-- The data --
=====

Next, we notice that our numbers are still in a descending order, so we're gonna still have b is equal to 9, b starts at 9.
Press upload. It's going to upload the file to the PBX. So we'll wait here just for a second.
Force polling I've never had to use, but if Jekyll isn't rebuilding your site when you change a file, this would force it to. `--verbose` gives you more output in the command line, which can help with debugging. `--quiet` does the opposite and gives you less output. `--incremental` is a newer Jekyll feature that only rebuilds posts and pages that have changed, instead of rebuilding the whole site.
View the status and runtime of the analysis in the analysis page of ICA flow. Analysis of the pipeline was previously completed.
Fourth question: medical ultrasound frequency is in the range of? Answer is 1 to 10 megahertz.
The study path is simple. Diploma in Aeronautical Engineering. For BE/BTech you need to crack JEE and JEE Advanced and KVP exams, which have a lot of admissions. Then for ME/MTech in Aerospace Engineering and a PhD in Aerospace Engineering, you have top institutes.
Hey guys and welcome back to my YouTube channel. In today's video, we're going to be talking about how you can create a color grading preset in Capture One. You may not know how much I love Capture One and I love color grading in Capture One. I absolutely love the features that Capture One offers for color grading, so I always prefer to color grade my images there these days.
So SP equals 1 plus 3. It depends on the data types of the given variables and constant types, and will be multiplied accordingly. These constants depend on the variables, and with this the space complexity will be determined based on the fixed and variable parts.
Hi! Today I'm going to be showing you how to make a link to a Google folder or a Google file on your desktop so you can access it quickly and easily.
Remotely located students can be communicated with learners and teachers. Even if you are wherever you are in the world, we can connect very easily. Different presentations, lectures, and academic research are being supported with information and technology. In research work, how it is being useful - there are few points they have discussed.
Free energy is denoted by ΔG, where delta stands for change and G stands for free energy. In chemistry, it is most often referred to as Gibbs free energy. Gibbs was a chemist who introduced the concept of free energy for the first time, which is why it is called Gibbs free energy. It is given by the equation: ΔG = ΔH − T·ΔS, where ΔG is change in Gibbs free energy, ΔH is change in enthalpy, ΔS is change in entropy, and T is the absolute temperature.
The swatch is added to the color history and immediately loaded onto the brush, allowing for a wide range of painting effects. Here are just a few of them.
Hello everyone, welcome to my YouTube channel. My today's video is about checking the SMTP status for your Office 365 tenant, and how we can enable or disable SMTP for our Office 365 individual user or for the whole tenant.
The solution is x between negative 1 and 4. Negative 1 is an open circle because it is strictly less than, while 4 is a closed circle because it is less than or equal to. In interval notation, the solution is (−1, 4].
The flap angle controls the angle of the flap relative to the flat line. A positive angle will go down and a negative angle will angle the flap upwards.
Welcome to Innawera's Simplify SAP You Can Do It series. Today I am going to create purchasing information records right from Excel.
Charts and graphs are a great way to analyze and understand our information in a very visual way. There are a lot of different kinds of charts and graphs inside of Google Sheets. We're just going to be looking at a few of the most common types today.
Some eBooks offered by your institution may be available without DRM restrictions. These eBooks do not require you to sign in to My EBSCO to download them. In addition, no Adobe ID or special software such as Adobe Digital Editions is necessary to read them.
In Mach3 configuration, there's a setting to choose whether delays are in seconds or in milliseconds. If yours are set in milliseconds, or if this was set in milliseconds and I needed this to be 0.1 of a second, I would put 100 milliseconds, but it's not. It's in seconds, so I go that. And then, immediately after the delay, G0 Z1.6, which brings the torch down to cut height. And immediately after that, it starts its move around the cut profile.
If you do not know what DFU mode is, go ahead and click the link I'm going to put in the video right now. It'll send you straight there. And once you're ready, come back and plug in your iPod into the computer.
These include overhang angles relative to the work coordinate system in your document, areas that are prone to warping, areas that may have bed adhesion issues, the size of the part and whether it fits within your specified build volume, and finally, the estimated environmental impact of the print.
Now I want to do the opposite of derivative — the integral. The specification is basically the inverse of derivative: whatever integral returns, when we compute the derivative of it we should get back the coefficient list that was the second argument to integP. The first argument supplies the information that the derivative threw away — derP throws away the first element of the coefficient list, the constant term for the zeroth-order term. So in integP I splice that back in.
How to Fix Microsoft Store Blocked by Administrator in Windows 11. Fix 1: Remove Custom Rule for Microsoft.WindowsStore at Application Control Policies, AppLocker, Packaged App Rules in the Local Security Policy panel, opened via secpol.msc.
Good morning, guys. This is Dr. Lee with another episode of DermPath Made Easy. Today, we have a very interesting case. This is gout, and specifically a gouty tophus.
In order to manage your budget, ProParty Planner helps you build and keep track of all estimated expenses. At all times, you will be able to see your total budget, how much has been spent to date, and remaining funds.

=====

-- What you should do --
Copy whichever lines in the listing above hold "will".

-- Result of the exercise --
So SP equals 1 plus 3. It depends on the data types of the given variables and constant types, and will be multiplied accordingly. These constants depend on the variables, and with this the space complexity will be determined based on the fixed and variable parts.
The flap angle controls the angle of the flap relative to the flat line. A positive angle will go down and a negative angle will angle the flap upwards.
In order to manage your budget, ProParty Planner helps you build and keep track of all estimated expenses. At all times, you will be able to see your total budget, how much has been spent to date, and remaining funds.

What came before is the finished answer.